Warkworth Institution
- Interactive map of Warkworth Institution
- Location: Brighton, Ontario;
- Security class: Medium security
- Capacity: 670
- Opened: 1967
- Managed by: Correctional Service Canada

= Warkworth Institution =

Canadian correctional facility

The Warkworth Institution is a medium-security prison facility located in the municipality of Brighton, Ontario. It sits at the Northernmost edge of Brighton, right on the border with Trent Hills, and East of the community of Warkworth (from which it gets its name). The prison is the largest federal correctional institution in Canada with a population of approximately 625 housed in five units.

==History==
Construction of Warkworth Institution started on March 26, 1965, on 208 acre of land that had been purchased by the Department of Justice. In 1967, the institution began operation entirely with staff and no inmate population. In September 1967, ten blocks were opened and the first six inmates arrived from Joyceville Institution. The official opening took place on October 14, 1967. At the end of the 1968 fiscal year, the facility housed 92 inmates. In 1971, the Living Unit concept was introduced.

The Warkworth prison, opened in 1967, lies just inside the Brighton border and is a major financial contributor to the municipality. The federal prison does not technically pay property taxes, but the government gives the amount in a grant to the municipality. The Warkworth Institution gives Brighton $602,000 each year, which is almost 16 per cent of the municipality's budget. The jail also gives Northumberland County a grant of $168,500.

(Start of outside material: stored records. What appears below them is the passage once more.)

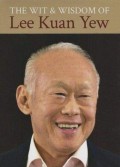 The wit & wisdom of Lee Kuan Yew (1923 - 2015)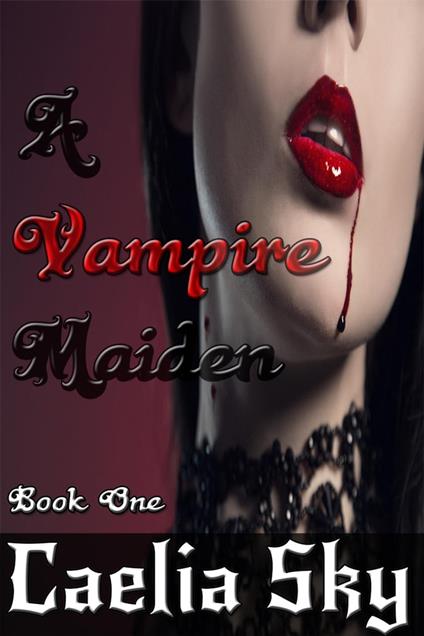 A Vampire Maiden: Book One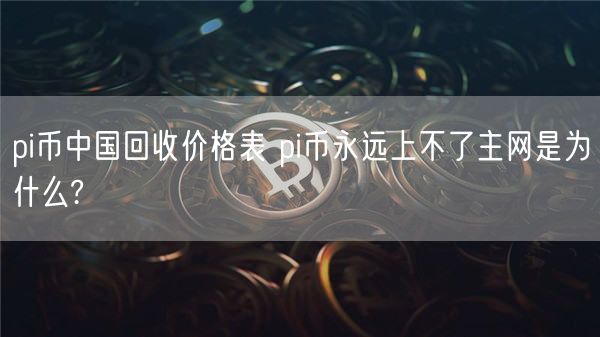 pi币中国回收价格表 pi币永远上不了主网是为什么?-第1张图片-币安app下载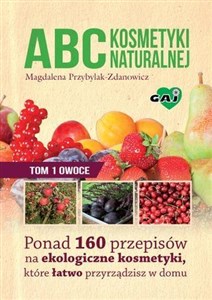 Bild von ABC kosmetyki naturalnej Tom 1 owoce Ponad 160 przepisów na ekologiczne kosmetyki, które łatwo przyrządzisz w domu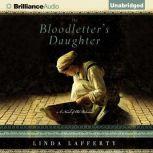 The Bloodletters Daughter, Linda Lafferty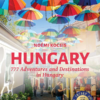 Hungary - 777 Adventures and Destinations in Hungary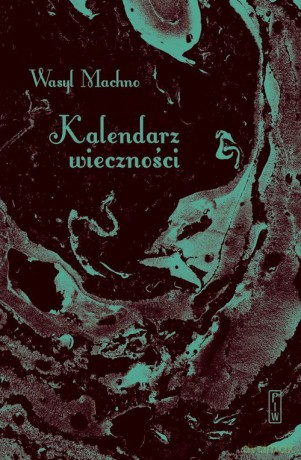 Kalendarz wieczności - Wasyl Machno [KSIĄŻKA]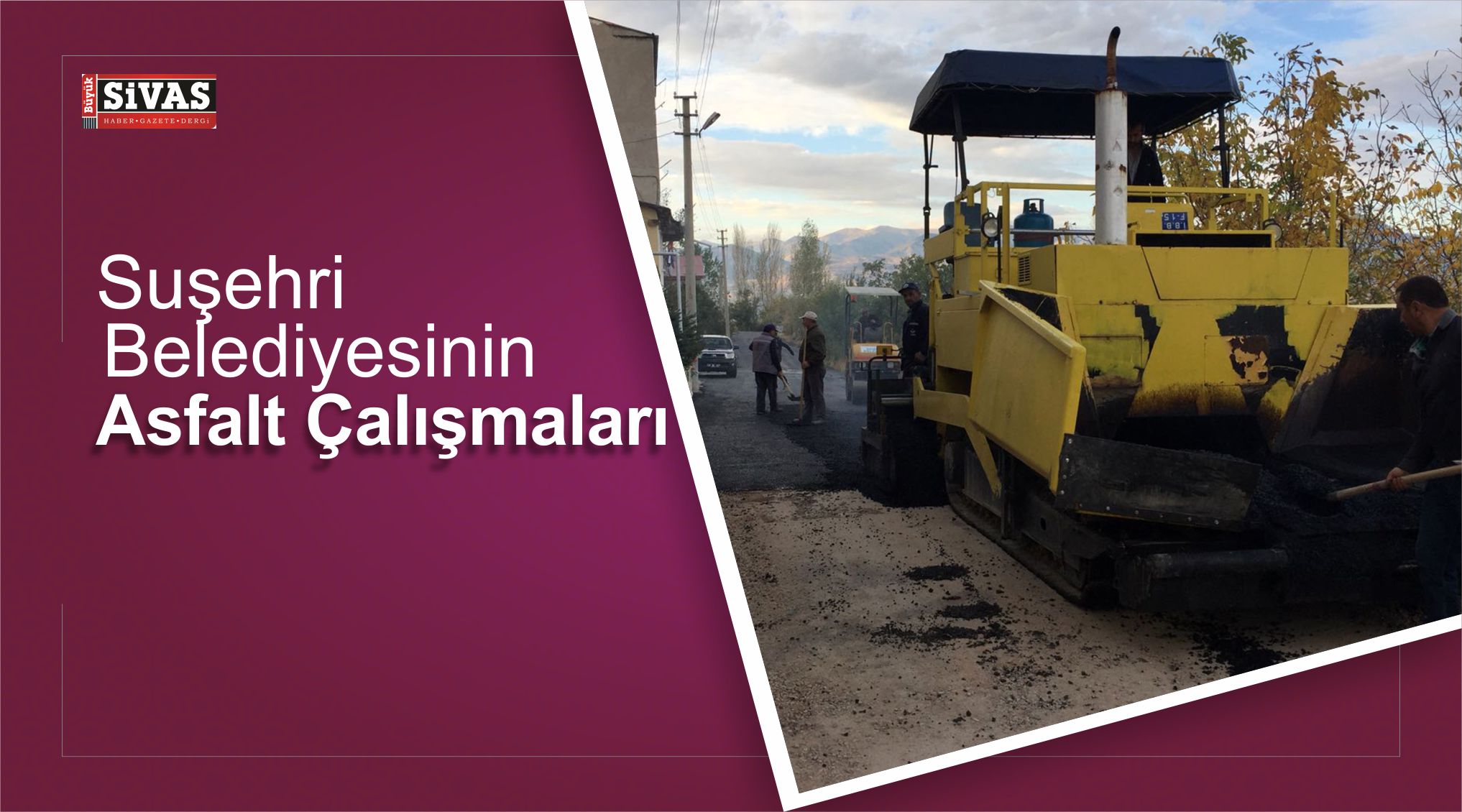 Suşehri Belediyesinin Asfalt Çalışmaları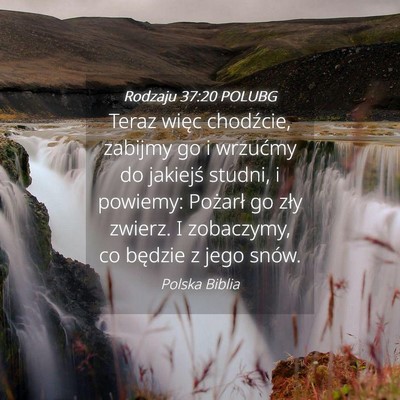 Picture 04 - Rodzaju 37:20 POLUBG - Teraz więc chodźcie, zabijmy go i wrzućmy do - Bible Verse Picture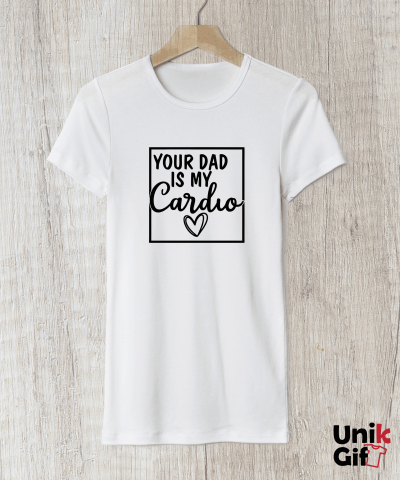 NOUTĂȚI - Tricou „YOUR DAD IS MY CARDIO”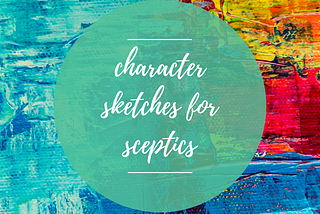 Character Sketches for Sceptics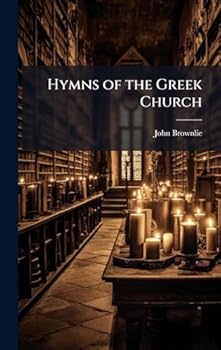 Hardcover Hymns of the Greek Church Book
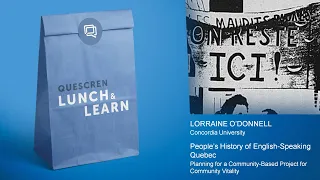 QUESCREN Lunch & Learn: People's History of English-Speaking Quebec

A riot broke out at approximately 9:00pm on July 21, 2009, during which prisoners took control of the prison infirmary. Subsequently, one inmate died of a drug overdose in his cell. Inmates broke the concrete that acts as bars across the outside windows of the cells. By doing this inmates were able to get out of their cells. This can be seen when walking to the gym on 9 block (unit 1) there are different style concrete bars.

Warkworth is a sister institution to Springhill, NS; Cowansville, QC; and Drumheller, AB.